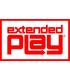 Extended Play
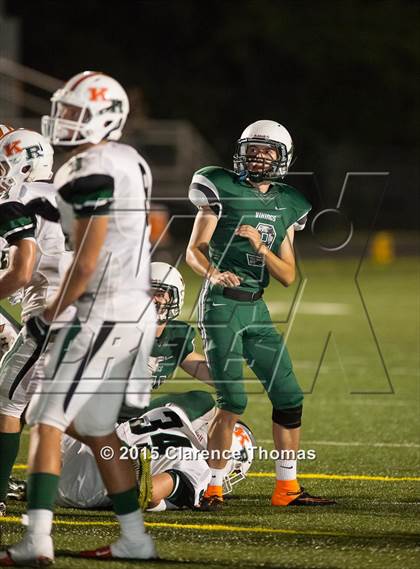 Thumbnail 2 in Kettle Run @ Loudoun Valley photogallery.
* * *
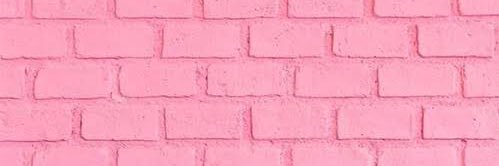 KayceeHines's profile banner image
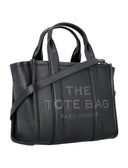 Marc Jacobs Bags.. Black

■ **EXERCISE BRIEF**
Copy back exactly the lines above from the one containing "Extended Play" through the one containing "Thumbnail 2 in", and leave every picture behind.

■ **EXERCISE SOLUTION**
 Extended Play
 Thumbnail 2 in Kettle Run @ Loudoun Valley photogallery.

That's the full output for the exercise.